What to work on —
Print the records below exactly, starting at the first line and stopping after the line that contains "Rood waterverf geranium tote bag (Op model)". Leave out any pictures.

Brief descriptive captions
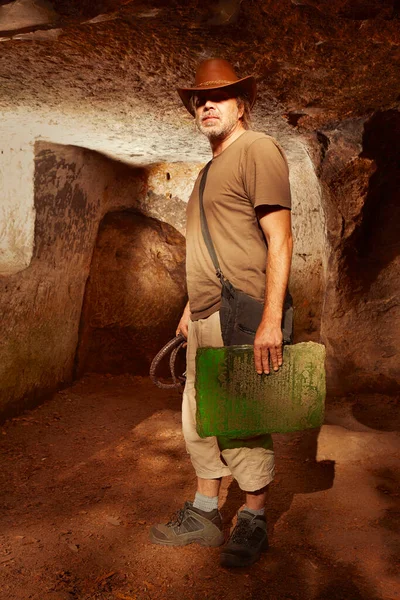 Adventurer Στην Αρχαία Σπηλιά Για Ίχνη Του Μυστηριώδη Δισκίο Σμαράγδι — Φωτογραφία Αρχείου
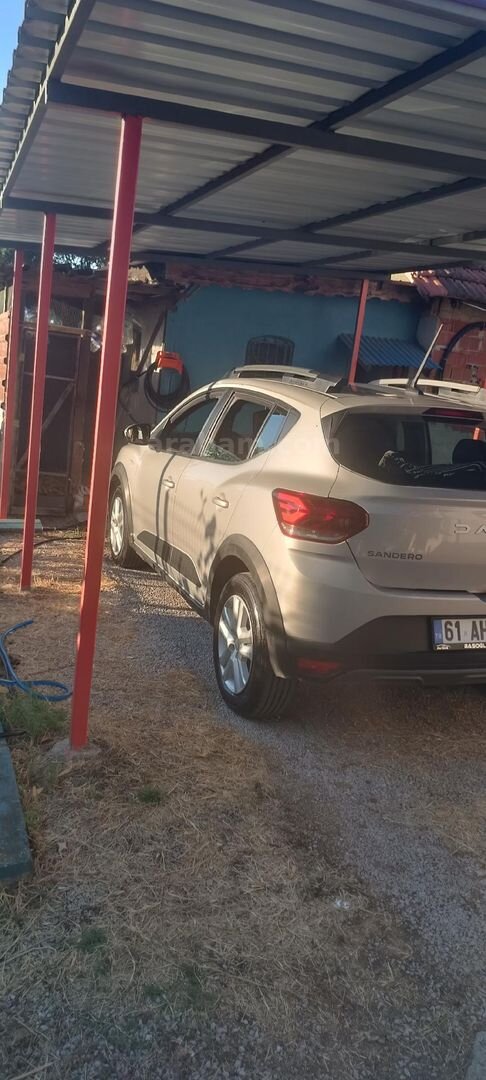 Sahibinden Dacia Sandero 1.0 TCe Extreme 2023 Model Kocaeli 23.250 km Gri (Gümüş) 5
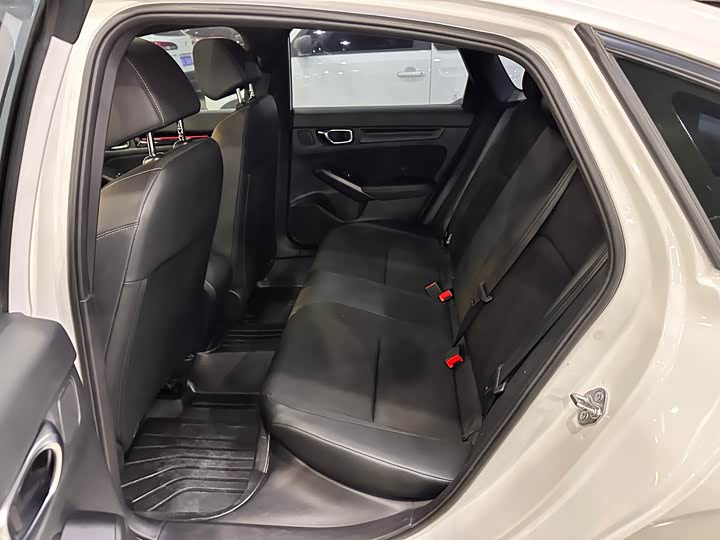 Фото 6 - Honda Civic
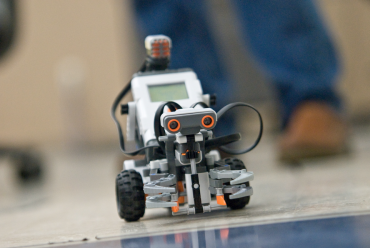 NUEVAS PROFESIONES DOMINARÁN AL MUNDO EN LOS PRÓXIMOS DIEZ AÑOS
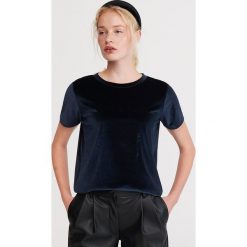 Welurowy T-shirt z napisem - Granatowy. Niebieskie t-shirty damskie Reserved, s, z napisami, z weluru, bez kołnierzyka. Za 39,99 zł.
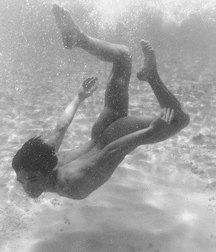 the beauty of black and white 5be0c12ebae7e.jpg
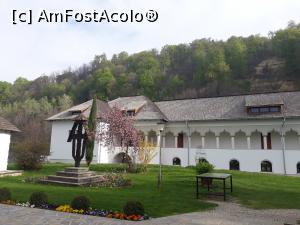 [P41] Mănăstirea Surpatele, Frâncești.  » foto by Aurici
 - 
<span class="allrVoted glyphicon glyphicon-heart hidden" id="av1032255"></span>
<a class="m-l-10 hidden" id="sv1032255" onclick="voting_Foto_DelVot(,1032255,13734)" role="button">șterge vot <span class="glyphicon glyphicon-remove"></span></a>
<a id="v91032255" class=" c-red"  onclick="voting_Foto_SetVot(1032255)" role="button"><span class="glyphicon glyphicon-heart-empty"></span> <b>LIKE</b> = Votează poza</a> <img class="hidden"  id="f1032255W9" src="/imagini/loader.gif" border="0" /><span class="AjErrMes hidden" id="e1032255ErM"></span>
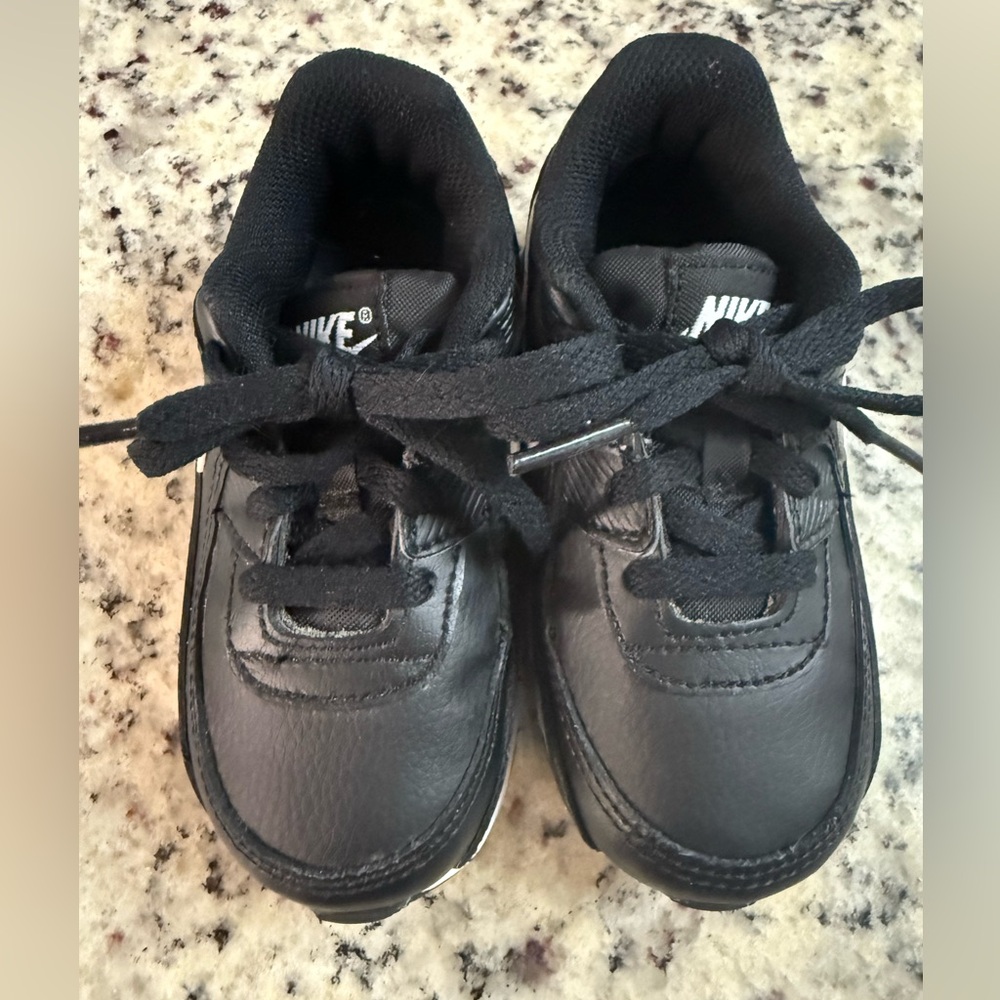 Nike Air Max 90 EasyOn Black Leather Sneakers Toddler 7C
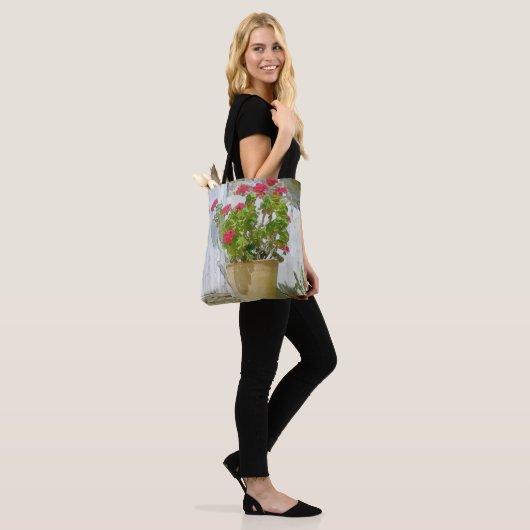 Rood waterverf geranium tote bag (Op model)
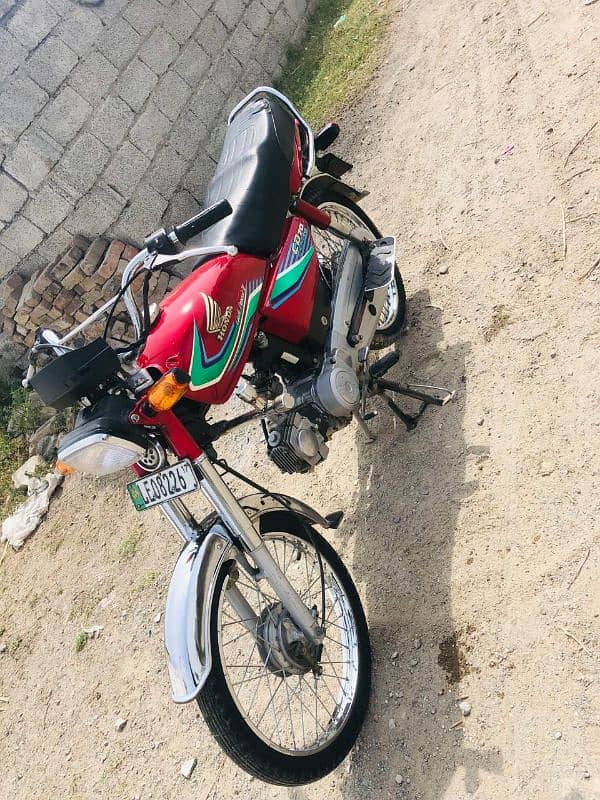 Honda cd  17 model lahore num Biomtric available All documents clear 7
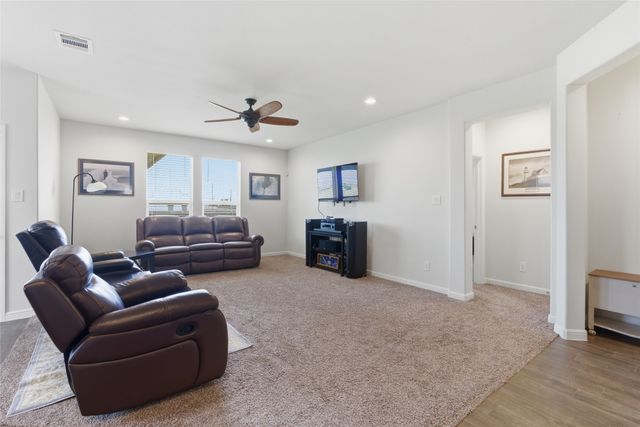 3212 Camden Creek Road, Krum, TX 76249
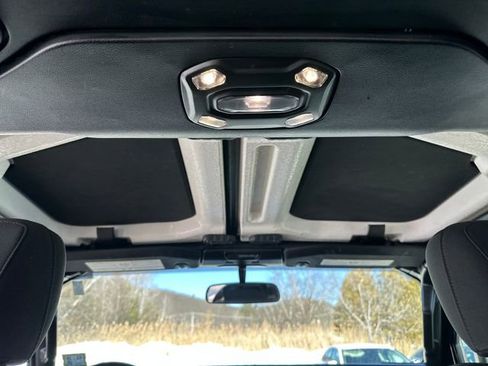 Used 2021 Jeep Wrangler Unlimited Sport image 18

Task response —
 Adventurer Στην Αρχαία Σπηλιά Για Ίχνη Του Μυστηριώδη Δισκίο Σμαράγδι — Φωτογραφία Αρχείου
 Sahibinden Dacia Sandero 1.0 TCe Extreme 2023 Model Kocaeli 23.250 km Gri (Gümüş) 5
 Фото 6 - Honda Civic
 NUEVAS PROFESIONES DOMINARÁN AL MUNDO EN LOS PRÓXIMOS DIEZ AÑOS
 Welurowy T-shirt z napisem - Granatowy. Niebieskie t-shirty damskie Reserved, s, z napisami, z weluru, bez kołnierzyka. Za 39,99 zł.
 the beauty of black and white 5be0c12ebae7e.jpg
 [P41] Mănăstirea Surpatele, Frâncești.  » foto by Aurici
 - 
<span class="allrVoted glyphicon glyphicon-heart hidden" id="av1032255"></span>
<a class="m-l-10 hidden" id="sv1032255" onclick="voting_Foto_DelVot(,1032255,13734)" role="button">șterge vot <span class="glyphicon glyphicon-remove"></span></a>
<a id="v91032255" class=" c-red"  onclick="voting_Foto_SetVot(1032255)" role="button"><span class="glyphicon glyphicon-heart-empty"></span> <b>LIKE</b> = Votează poza</a> <img class="hidden"  id="f1032255W9" src="/imagini/loader.gif" border="0" /><span class="AjErrMes hidden" id="e1032255ErM"></span>
 Nike Air Max 90 EasyOn Black Leather Sneakers Toddler 7C
 Rood waterverf geranium tote bag (Op model)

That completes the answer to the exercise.